A PyTorch optimizer that implements a relativistic gradient clipping mechanism, inspired by the theory of special relativity

Project description

RelativisticAdam

PyPI version License: MIT Python 3.7+ PyTorch 1.9+

A PyTorch optimizer that implements a relativistic gradient clipping mechanism, inspired by the theory of special relativity.

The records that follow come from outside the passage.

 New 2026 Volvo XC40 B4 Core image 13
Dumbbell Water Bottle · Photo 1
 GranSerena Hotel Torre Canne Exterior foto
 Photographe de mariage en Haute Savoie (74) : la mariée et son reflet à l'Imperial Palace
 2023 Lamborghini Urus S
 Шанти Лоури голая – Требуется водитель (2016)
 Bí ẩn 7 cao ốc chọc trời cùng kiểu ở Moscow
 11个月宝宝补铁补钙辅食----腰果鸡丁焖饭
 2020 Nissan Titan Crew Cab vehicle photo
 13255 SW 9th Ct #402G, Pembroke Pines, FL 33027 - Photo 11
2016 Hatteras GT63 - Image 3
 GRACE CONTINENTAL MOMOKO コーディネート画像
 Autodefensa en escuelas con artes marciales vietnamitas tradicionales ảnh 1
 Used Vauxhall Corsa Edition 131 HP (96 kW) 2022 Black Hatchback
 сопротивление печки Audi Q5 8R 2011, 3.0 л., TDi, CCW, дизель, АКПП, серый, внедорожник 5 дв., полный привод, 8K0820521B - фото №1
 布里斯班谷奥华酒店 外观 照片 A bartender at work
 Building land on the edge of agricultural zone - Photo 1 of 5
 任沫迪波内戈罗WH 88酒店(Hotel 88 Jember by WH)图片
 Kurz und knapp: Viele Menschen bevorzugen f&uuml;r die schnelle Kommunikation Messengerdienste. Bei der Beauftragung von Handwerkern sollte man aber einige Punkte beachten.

RelativisticAdam prevents gradient explosion by introducing a configurable "speed limit" for parameter updates, similar to how nothing can exceed the speed of light in physics.

🌟 Key Features

  • Physics-Inspired Design: Applies relativistic mechanics principles to optimization
  • Automatic Gradient Clipping: No need for manual gradient clipping
  • Smooth & Differentiable: Unlike hard clipping, provides smooth transitions
  • Drop-in Replacement: Compatible with existing PyTorch code
  • Multiple Modes: Global, per-parameter, or per-component scaling
  • Stable Training: Especially effective with high learning rates or unstable architectures

🚀 Installation

pip install relativistic-adam

📖 Quick Start

import torch
from relativistic_adam import RelativisticAdam

# Create your model
model = torch.nn.Linear(10, 1)

# Initialize the optimizer
optimizer = RelativisticAdam(
    model.parameters(),
    lr=0.001,
    speed_limit=0.1,  # Maximum update magnitude
    relativistic_mode='per_param'  # 'global', 'per_param', or 'per_component'
)

# Training loop
for epoch in range(100):
    optimizer.zero_grad()
    loss = your_loss_function(model(input))
    loss.backward()
    optimizer.step()

🔬 The Physics Behind It

The Analogy

In special relativity, as an object's velocity approaches the speed of light, its relativistic mass increases, making further acceleration increasingly difficult:

$$m_{rel} = \frac{m_0}{\sqrt{1 - \frac{v^2}{c^2}}}$$

Similarly, RelativisticAdam treats gradient updates as "velocities" and applies a similar scaling:

$$\text{scaled_update} = \frac{\text{update}}{\sqrt{1 - \left(\frac{|\text{update}|}{c}\right)^2}}$$

Where c is the configurable "speed limit" for updates.

Key Properties

  1. Small updates (‖update‖ << c): Pass through nearly unchanged
  2. Large updates (‖update‖ ≈ c): Get increasingly dampened
  3. Extreme updates (‖update‖ > c): Smoothly saturate at the speed limit

🎛️ Configuration Options

Basic Parameters (from Adam)

  • lr (float, default=1e-3): Learning rate
  • betas (tuple, default=(0.9, 0.999)): Coefficients for computing running averages
  • eps (float, default=1e-8): Term added for numerical stability
  • weight_decay (float, default=0): Weight decay (L2 penalty)

Relativistic Parameters

  • speed_limit (float, default=0.1): Maximum allowed update magnitude
  • relativistic_mode (str, default='per_param'): Scaling mode
    • 'global': Single scaling factor for entire model
    • 'per_param': Scaling per parameter tensor (recommended)
    • 'per_component': Element-wise scaling (finest control)
  • adaptive_speed (bool, default=False): Enable adaptive speed limit
  • speed_warmup_steps (int, default=1000): Warmup steps for speed limit

📚 Advanced Usage

With Adaptive Speed Limit

optimizer = RelativisticAdam(
    model.parameters(),
    lr=0.001,
    speed_limit=0.1,
    adaptive_speed=True,
    speed_warmup_steps=1000  # Gradually increase speed limit
)

RelativisticAdamW (with Decoupled Weight Decay)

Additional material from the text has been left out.